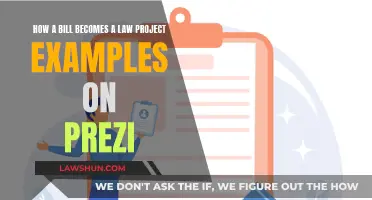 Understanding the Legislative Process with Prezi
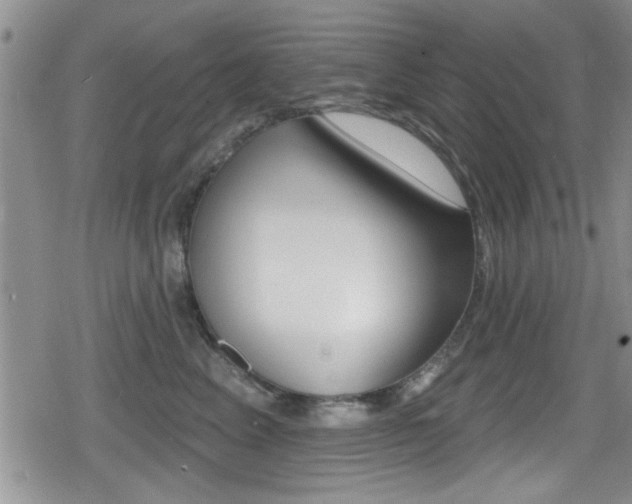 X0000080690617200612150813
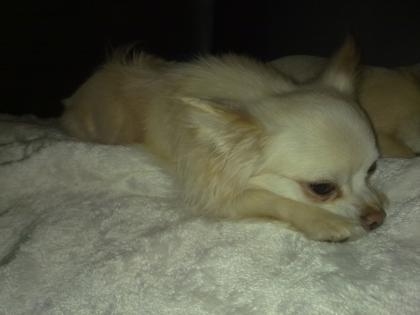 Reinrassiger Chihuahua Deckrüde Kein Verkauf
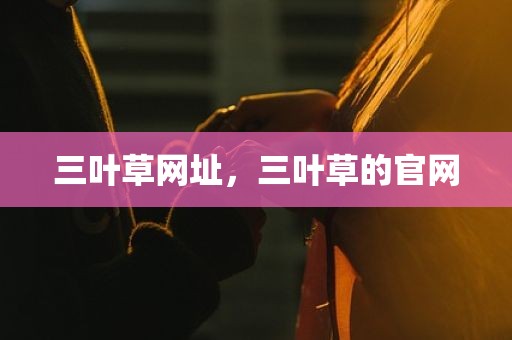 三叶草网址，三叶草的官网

**Problem requirements**. The line containing "Reinrassiger Chihuahua Deckrüde Kein Verkauf" and each line after it through the end of the listing above are to be written out exactly, without the pictures.

**Response to this task**.
 Reinrassiger Chihuahua Deckrüde Kein Verkauf
 三叶草网址，三叶草的官网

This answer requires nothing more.